Your assignment: Copy nothing from the entries below except the lines from the one containing "Första kommunen Helig" through the one containing "8' Gold Purple", and copy those exactly.

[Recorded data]
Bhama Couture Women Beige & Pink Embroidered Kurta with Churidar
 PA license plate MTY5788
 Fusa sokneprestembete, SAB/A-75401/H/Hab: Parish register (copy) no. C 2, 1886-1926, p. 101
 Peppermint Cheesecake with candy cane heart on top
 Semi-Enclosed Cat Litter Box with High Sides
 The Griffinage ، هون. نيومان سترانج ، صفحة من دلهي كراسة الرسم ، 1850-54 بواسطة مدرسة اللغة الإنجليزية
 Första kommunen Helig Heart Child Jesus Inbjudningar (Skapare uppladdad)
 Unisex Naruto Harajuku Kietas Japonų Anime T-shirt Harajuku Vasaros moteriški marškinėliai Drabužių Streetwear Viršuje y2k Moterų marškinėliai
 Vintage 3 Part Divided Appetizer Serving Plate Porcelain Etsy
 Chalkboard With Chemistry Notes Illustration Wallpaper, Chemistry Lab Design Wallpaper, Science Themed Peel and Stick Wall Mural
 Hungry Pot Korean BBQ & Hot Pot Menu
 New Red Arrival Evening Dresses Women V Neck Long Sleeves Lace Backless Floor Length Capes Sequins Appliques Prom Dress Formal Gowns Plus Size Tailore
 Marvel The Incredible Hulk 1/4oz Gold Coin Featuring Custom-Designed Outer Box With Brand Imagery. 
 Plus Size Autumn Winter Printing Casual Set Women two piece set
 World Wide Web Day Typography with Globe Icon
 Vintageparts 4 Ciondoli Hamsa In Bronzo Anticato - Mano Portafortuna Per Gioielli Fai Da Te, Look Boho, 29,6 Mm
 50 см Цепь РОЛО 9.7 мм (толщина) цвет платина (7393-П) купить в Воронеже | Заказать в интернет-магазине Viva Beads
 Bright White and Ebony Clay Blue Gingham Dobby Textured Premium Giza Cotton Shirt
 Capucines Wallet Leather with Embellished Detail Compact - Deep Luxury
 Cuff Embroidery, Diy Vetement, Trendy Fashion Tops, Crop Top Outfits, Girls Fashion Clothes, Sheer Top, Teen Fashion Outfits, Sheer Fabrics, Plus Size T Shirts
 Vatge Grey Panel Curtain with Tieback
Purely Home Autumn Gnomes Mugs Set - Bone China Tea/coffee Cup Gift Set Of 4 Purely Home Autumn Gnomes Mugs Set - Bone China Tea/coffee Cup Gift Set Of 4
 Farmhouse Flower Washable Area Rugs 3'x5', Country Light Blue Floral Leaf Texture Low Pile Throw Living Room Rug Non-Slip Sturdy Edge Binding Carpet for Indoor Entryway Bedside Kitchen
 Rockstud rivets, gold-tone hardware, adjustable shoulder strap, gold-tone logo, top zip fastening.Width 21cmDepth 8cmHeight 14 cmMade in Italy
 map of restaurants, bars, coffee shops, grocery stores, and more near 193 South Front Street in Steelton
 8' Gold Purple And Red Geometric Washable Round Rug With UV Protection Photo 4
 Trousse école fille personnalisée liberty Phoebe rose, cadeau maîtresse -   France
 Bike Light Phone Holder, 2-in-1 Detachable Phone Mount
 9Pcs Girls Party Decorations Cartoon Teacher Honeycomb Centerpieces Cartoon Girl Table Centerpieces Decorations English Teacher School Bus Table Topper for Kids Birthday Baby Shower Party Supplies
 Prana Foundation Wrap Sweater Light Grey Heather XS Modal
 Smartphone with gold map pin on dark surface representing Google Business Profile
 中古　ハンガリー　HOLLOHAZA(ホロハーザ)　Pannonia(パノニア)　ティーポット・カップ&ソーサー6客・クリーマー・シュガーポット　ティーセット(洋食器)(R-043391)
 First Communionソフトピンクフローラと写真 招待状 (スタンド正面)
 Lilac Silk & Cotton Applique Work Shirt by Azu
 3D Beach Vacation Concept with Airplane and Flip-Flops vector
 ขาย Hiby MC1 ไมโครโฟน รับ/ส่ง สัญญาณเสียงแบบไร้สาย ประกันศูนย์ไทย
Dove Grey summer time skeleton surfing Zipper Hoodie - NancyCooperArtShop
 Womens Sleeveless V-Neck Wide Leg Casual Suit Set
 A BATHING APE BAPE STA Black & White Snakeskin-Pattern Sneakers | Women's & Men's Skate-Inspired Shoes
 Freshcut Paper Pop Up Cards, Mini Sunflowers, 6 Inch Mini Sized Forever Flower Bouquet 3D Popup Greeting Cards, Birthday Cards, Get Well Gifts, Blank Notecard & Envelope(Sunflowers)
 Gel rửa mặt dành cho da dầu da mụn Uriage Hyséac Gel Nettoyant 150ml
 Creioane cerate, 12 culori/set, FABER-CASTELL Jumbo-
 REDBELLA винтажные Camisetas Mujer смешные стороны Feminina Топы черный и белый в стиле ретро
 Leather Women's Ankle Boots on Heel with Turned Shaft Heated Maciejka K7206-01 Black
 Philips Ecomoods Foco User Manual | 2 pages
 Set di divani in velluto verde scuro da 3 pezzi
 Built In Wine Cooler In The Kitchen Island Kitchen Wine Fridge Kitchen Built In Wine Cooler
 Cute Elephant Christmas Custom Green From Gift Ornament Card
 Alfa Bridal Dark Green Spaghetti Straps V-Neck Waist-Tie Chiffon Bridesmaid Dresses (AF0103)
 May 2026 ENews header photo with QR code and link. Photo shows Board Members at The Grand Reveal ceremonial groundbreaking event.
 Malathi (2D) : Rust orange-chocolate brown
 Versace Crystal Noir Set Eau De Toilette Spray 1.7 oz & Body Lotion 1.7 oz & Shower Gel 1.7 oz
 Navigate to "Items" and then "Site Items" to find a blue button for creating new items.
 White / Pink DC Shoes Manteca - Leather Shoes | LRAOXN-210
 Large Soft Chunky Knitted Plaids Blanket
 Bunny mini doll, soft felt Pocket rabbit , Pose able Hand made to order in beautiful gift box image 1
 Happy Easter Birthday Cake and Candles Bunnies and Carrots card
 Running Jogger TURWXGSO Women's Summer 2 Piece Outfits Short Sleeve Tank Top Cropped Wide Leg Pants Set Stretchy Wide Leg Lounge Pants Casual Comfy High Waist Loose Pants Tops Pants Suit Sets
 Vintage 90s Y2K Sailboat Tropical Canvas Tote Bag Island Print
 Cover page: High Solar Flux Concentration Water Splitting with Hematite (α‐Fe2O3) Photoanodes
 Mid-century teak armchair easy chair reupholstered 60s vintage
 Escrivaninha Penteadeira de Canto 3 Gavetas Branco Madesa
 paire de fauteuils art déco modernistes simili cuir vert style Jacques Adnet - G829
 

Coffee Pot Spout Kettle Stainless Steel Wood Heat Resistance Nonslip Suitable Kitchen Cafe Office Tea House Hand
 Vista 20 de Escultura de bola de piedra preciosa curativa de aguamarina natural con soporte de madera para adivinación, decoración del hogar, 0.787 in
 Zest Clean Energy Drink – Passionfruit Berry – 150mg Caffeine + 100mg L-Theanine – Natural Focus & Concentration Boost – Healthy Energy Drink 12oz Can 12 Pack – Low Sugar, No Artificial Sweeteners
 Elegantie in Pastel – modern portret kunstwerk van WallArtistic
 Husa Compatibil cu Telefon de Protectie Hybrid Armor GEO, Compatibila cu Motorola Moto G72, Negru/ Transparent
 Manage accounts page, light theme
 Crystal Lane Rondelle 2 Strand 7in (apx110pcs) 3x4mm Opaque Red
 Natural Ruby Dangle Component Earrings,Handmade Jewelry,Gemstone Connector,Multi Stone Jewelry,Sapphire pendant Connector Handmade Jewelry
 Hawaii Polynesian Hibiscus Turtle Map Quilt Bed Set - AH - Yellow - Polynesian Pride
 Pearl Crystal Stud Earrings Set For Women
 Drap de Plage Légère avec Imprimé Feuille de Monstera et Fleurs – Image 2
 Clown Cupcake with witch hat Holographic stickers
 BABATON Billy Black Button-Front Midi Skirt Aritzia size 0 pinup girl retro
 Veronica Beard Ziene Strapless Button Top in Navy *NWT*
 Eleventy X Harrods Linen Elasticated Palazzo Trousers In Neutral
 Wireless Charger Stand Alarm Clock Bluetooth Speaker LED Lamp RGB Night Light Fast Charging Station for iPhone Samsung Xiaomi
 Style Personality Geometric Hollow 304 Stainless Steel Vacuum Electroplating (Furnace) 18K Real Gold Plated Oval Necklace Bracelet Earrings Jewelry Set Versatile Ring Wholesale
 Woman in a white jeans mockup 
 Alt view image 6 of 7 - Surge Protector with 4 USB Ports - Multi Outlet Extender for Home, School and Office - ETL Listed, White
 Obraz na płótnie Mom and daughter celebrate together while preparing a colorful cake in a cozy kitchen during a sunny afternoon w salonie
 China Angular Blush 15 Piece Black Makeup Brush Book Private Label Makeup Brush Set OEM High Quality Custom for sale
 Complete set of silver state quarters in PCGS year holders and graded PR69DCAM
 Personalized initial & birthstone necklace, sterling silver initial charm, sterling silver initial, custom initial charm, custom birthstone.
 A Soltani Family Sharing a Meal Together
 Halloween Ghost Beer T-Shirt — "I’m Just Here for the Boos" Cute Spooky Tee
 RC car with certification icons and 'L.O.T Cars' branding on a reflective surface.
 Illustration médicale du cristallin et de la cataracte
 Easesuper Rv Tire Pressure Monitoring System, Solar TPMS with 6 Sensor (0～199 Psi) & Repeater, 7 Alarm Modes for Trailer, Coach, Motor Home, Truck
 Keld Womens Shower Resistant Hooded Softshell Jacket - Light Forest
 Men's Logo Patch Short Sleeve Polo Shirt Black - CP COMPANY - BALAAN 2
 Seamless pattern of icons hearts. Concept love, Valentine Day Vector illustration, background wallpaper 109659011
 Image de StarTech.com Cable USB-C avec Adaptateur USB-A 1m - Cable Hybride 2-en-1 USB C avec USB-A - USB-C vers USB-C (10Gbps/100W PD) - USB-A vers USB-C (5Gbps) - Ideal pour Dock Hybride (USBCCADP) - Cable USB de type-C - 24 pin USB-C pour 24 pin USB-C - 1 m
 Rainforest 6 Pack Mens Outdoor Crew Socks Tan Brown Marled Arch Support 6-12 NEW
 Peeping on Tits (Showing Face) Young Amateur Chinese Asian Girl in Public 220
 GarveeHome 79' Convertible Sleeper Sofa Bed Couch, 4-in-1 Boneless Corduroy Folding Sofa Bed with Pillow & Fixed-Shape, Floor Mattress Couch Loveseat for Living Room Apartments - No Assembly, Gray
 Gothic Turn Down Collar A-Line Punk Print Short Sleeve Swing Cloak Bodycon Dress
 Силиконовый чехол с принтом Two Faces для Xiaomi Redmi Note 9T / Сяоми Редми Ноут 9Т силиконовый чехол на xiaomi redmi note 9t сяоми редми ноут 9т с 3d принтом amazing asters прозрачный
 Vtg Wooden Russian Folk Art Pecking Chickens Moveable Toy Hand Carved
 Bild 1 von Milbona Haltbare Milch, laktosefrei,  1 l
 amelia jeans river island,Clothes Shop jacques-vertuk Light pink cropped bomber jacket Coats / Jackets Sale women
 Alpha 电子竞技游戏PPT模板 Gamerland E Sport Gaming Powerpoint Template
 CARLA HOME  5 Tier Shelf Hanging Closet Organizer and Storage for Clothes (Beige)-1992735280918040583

Response to the exercise:
 Första kommunen Helig Heart Child Jesus Inbjudningar (Skapare uppladdad)
 Unisex Naruto Harajuku Kietas Japonų Anime T-shirt Harajuku Vasaros moteriški marškinėliai Drabužių Streetwear Viršuje y2k Moterų marškinėliai
 Vintage 3 Part Divided Appetizer Serving Plate Porcelain Etsy
 Chalkboard With Chemistry Notes Illustration Wallpaper, Chemistry Lab Design Wallpaper, Science Themed Peel and Stick Wall Mural
 Hungry Pot Korean BBQ & Hot Pot Menu
 New Red Arrival Evening Dresses Women V Neck Long Sleeves Lace Backless Floor Length Capes Sequins Appliques Prom Dress Formal Gowns Plus Size Tailore
 Marvel The Incredible Hulk 1/4oz Gold Coin Featuring Custom-Designed Outer Box With Brand Imagery. 
 Plus Size Autumn Winter Printing Casual Set Women two piece set
 World Wide Web Day Typography with Globe Icon
 Vintageparts 4 Ciondoli Hamsa In Bronzo Anticato - Mano Portafortuna Per Gioielli Fai Da Te, Look Boho, 29,6 Mm
 50 см Цепь РОЛО 9.7 мм (толщина) цвет платина (7393-П) купить в Воронеже | Заказать в интернет-магазине Viva Beads
 Bright White and Ebony Clay Blue Gingham Dobby Textured Premium Giza Cotton Shirt
 Capucines Wallet Leather with Embellished Detail Compact - Deep Luxury
 Cuff Embroidery, Diy Vetement, Trendy Fashion Tops, Crop Top Outfits, Girls Fashion Clothes, Sheer Top, Teen Fashion Outfits, Sheer Fabrics, Plus Size T Shirts
 Vatge Grey Panel Curtain with Tieback
Purely Home Autumn Gnomes Mugs Set - Bone China Tea/coffee Cup Gift Set Of 4 Purely Home Autumn Gnomes Mugs Set - Bone China Tea/coffee Cup Gift Set Of 4
 Farmhouse Flower Washable Area Rugs 3'x5', Country Light Blue Floral Leaf Texture Low Pile Throw Living Room Rug Non-Slip Sturdy Edge Binding Carpet for Indoor Entryway Bedside Kitchen
 Rockstud rivets, gold-tone hardware, adjustable shoulder strap, gold-tone logo, top zip fastening.Width 21cmDepth 8cmHeight 14 cmMade in Italy
 map of restaurants, bars, coffee shops, grocery stores, and more near 193 South Front Street in Steelton
 8' Gold Purple And Red Geometric Washable Round Rug With UV Protection Photo 4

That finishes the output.